[Start of section]

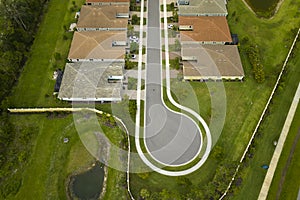 Aerial view of cul-de-sac at neighborhood street dead end with tightly packed homes in Florida closed living clubs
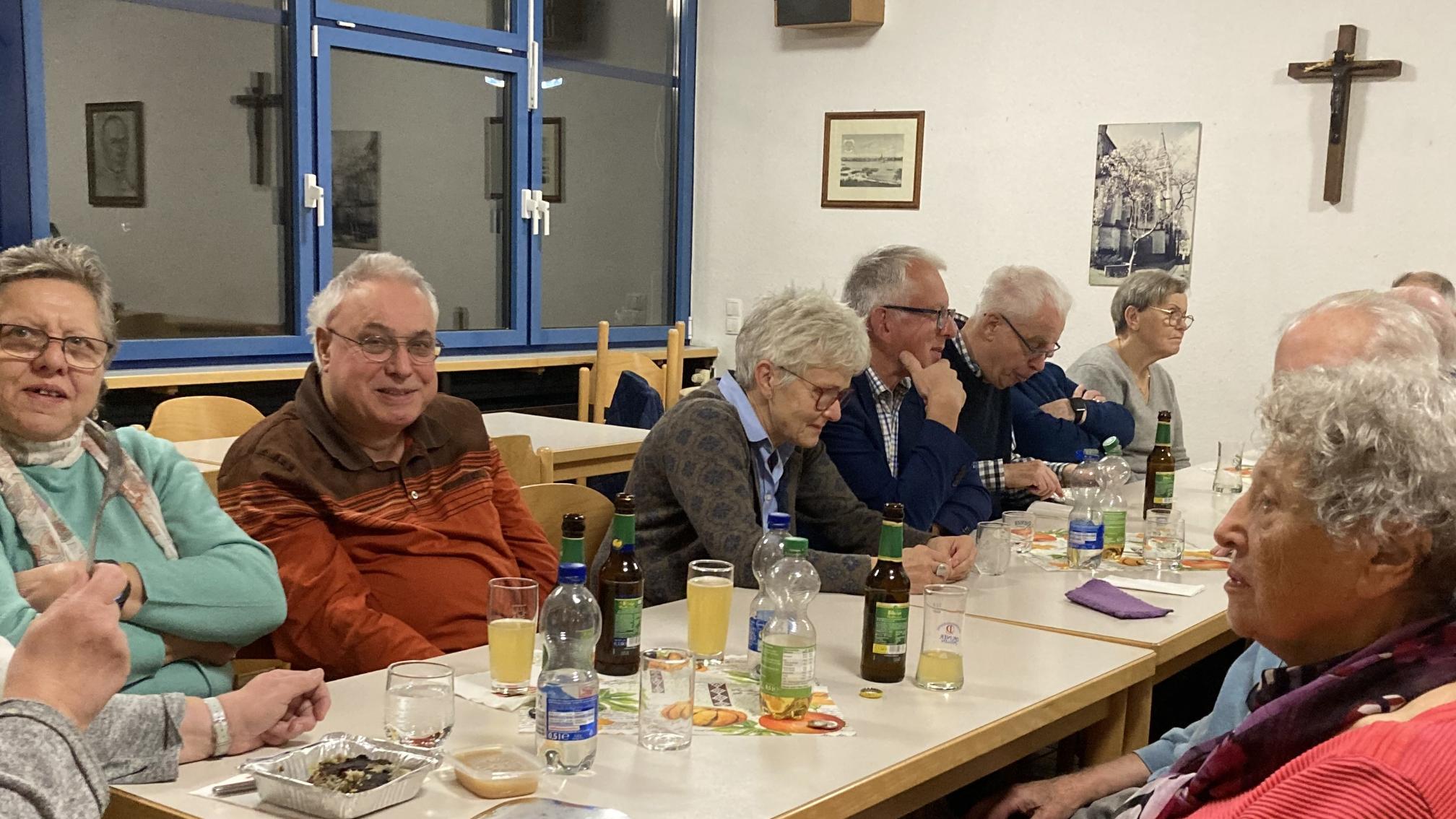 Menschen sitzen am Tisch und unterhalten sich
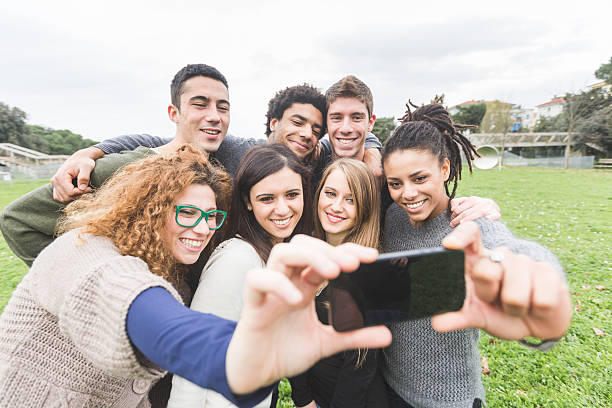 istock Multiethnic Group of Friends Taking Selfie at Park 528890059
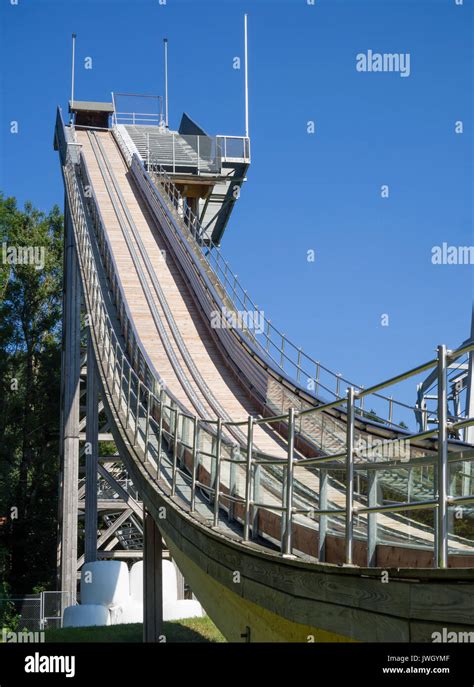 Jump-off platform of a ski jump during summertime. Plastic sliders at the ramp and artificial ...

[End of section]

### Exercise goal
From the first line to the last, repeat the data above exactly and leave the pictures out.

### Response area
 Aerial view of cul-de-sac at neighborhood street dead end with tightly packed homes in Florida closed living clubs
 Menschen sitzen am Tisch und unterhalten sich
 istock Multiethnic Group of Friends Taking Selfie at Park 528890059
 Jump-off platform of a ski jump during summertime. Plastic sliders at the ramp and artificial ...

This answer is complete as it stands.